Zhonghua Yi Xue Za Zhi. 2006 Jan 17;86(3):157-9.
To evaluate the efficacy of treatment of dural arteriovenous fistula (DAVF) by transarterial embolization with low dose of N-butyl-2-cyanoacrylate (NBCA).
Eighteen patients, 6 males and 12 females, aged 47.5 (23-72), with DAVF, 12 with carotid cavernous fistula and 6 with fistula in parietal lobe, underwent transarterial embolization with low dose of NBCA (10%-20%). The key point of transarterial embolization with low dose of NBCA was that low dose NBCA was injected and embolized the veins and then was reversed into the other supplying arteries.
Seventeen patients with DAVF in cavernous region and 6 patients with DAVF in parietal lobe were cured anatomically, with the clinical syndromes disappearing. In 1 patient with DAVF in cavernous region the clinical syndrome were moderately improved after transarterial embolization, however, worsened 2 days later. Cerebrovascular angiography demonstrated that the vein was not completely embolized and the draining vein was broadened, and the clinical syndromes were moderately improved again after carotid artery compression therapy for 10 days.
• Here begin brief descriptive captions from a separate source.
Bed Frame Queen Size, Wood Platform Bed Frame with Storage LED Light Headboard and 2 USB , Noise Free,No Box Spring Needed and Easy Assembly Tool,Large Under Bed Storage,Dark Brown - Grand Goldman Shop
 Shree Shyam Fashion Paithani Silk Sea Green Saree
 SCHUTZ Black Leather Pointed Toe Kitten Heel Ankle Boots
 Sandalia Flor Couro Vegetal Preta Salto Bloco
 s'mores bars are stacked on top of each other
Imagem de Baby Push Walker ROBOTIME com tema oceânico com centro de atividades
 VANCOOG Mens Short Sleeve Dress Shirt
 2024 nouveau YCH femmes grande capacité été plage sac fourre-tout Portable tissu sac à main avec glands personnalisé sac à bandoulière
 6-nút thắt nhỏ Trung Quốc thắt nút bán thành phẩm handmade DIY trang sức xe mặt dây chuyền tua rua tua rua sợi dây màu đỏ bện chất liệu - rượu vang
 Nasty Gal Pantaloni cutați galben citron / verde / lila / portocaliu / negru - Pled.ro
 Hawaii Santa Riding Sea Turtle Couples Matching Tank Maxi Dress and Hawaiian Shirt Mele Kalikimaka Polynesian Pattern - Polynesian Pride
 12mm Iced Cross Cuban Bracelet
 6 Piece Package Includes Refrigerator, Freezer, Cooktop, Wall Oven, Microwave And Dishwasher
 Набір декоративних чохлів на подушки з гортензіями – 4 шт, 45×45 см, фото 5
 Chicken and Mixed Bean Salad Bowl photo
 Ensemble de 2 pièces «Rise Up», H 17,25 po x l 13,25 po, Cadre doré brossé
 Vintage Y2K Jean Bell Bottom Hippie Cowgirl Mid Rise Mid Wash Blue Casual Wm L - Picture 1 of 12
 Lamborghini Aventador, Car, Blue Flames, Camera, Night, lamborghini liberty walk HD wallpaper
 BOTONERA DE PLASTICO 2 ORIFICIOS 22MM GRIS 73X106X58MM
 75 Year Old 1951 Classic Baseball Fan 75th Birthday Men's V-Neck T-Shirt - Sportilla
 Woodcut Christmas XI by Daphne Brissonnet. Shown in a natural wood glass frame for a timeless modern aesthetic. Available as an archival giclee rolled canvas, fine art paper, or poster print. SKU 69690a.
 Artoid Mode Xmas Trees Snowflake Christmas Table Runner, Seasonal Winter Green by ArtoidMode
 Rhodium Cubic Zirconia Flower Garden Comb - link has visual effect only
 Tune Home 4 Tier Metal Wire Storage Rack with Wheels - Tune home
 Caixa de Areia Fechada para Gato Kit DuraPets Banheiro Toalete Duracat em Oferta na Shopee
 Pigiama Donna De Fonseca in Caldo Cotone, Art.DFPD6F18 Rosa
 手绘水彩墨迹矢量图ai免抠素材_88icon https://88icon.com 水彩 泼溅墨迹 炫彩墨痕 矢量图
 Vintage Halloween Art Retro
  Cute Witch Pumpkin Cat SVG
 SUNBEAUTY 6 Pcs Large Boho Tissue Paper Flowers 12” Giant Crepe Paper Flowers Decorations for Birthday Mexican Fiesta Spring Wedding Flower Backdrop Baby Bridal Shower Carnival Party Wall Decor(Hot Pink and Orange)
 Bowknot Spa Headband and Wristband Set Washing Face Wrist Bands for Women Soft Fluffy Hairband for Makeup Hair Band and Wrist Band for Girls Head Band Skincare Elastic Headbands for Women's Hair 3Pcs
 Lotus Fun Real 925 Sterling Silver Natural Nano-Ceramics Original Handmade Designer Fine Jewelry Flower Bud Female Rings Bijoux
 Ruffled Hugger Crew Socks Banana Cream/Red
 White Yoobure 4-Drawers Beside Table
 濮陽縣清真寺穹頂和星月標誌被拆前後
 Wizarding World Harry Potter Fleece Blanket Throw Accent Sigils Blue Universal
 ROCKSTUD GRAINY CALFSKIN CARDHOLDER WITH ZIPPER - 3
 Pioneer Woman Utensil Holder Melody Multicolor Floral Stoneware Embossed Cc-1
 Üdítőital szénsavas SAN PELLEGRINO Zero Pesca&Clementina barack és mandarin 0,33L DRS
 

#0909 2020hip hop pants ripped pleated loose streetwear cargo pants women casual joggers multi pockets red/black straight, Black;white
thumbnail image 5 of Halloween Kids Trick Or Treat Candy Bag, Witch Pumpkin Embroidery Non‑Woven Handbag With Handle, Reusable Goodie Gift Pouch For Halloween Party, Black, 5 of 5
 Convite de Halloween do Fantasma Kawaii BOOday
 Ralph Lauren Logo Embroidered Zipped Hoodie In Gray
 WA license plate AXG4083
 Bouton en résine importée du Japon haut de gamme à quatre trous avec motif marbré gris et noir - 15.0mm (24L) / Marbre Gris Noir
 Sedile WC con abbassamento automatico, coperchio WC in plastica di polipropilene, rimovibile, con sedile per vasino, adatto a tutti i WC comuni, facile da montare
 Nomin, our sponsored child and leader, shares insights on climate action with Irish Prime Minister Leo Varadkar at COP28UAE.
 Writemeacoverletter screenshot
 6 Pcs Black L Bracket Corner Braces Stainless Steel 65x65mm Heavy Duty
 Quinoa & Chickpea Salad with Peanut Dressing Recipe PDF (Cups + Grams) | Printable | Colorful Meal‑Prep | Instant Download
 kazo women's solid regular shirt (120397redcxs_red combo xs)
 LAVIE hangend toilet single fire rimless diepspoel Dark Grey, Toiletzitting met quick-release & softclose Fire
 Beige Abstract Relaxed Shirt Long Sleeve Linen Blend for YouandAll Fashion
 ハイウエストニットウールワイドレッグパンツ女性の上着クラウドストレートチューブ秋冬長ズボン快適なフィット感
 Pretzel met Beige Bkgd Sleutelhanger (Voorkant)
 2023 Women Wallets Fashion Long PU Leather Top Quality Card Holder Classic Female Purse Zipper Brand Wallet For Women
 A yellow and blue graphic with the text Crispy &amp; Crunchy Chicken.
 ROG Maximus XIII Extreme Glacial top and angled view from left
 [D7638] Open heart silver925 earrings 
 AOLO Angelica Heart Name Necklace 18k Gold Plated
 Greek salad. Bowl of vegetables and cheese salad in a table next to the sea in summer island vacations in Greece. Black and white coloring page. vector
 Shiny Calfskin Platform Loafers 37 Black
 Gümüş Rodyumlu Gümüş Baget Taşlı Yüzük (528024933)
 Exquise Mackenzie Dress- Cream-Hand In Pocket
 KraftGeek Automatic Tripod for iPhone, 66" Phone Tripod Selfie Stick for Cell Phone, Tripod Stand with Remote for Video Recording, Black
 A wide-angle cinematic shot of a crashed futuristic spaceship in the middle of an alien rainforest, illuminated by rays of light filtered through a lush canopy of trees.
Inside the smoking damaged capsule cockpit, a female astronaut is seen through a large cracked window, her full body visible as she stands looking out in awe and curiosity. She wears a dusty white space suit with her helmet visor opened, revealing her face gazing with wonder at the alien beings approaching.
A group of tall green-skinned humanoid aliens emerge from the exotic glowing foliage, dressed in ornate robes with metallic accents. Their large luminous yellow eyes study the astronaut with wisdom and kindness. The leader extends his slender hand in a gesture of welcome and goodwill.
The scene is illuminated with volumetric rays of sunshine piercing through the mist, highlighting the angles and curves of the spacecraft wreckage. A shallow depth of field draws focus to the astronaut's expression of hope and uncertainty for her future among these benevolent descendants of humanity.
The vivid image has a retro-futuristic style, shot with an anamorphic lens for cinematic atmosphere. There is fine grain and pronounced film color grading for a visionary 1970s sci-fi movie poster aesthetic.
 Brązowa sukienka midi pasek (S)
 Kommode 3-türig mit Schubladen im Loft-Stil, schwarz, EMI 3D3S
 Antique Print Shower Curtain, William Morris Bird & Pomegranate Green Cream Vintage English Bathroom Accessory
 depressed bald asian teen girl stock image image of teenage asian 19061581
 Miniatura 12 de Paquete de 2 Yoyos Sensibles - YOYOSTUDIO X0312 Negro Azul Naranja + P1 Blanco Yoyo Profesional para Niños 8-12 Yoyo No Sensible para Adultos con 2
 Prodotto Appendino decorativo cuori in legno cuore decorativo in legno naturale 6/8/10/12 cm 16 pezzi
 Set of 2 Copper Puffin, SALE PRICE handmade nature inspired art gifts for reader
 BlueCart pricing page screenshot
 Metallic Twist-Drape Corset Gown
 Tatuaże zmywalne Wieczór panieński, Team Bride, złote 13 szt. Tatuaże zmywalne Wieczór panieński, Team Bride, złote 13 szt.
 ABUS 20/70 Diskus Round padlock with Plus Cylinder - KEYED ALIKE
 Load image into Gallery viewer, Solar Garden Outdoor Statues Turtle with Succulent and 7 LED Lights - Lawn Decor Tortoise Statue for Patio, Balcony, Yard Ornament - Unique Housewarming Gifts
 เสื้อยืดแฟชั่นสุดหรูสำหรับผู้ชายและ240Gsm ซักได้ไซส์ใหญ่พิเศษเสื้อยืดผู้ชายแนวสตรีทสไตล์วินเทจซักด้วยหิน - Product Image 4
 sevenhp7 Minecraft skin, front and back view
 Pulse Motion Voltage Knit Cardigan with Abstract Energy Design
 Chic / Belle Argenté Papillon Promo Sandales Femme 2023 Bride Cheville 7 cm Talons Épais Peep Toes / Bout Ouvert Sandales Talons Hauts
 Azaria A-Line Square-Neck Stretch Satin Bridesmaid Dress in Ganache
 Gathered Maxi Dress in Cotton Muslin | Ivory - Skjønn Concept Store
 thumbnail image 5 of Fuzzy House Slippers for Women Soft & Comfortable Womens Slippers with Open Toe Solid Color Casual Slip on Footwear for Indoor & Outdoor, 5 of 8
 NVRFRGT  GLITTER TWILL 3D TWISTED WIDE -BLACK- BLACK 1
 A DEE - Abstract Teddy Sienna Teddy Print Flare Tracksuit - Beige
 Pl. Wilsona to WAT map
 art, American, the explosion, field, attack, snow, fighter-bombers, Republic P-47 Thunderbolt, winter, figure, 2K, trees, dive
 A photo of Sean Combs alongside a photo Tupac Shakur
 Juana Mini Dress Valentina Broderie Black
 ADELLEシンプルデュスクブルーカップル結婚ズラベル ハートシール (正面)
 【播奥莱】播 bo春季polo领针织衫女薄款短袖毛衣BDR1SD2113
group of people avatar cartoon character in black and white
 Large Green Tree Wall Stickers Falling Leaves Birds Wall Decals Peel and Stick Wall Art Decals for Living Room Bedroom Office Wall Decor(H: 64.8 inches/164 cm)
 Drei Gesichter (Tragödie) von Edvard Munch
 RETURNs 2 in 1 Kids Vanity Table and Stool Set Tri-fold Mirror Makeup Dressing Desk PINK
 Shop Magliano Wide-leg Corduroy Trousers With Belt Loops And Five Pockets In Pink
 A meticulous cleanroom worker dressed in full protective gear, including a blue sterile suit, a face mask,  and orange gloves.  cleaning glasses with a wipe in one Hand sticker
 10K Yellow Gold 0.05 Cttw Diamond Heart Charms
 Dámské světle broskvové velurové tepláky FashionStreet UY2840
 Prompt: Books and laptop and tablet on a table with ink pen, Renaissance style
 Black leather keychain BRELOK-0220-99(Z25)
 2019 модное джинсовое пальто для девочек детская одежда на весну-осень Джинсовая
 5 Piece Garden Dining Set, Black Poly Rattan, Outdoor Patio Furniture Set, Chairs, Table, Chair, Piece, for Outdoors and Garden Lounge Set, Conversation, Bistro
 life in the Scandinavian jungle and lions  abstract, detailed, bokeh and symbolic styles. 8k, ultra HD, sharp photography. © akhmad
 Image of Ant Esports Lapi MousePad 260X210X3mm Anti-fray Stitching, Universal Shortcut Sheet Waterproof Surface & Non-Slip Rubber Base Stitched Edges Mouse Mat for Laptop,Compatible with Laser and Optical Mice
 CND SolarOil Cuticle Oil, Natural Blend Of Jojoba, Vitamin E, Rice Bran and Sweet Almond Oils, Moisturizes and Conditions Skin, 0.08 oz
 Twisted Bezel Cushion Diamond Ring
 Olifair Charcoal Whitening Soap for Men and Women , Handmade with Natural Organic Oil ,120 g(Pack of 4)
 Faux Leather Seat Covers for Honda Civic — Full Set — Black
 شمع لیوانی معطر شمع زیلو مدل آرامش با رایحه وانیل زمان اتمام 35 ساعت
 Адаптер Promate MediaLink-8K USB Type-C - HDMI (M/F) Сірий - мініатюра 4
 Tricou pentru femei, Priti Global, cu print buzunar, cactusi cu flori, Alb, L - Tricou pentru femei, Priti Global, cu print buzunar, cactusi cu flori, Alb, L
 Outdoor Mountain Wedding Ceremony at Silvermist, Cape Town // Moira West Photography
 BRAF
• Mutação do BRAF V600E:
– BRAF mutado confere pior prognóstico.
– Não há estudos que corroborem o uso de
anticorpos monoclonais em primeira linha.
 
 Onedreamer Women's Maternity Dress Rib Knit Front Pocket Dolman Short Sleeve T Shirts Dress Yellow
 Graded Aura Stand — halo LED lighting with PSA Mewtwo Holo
Convenient and fast, and with low cost and satisfying efficacy, transarterial embolization with low dose of NBCA is a better choice for treatment of DAVF in some cases. The key point of this approach is that the tip of microcatheter is close as much as possible to the fistulae, and NBCA is injected into the fistulae and make the vein diffused well. Attention should be paid to avoid dangerous anastomosis.
评估低剂量N-丁基-2-氰基丙烯酸酯(NBCA)经动脉栓塞治疗硬脑膜动静脉瘘(DAVF)的疗效。
18例DAVF患者,男6例,女12例,年龄47.5岁(23 - 72岁),其中12例为海绵窦瘘,6例为顶叶瘘,接受低剂量(10% - 20%)NBCA经动脉栓塞治疗。低剂量NBCA经动脉栓塞的关键在于注入低剂量NBCA栓塞静脉,然后反流至其他供血动脉。
17例海绵窦区DAVF患者及6例顶叶DAVF患者解剖治愈,临床症状消失。1例海绵窦区DAVF患者经动脉栓塞后临床症状中度改善,但2天后加重。脑血管造影显示静脉未完全栓塞,引流静脉增宽,经颈动脉压迫治疗10天后临床症状再次中度改善。
低剂量NBCA经动脉栓塞治疗DAVF方便快捷、成本低且疗效满意,在某些情况下是较好的选择。该方法的关键是微导管尖端尽可能靠近瘘口,将NBCA注入瘘口并使静脉充分弥散。应注意避免危险吻合。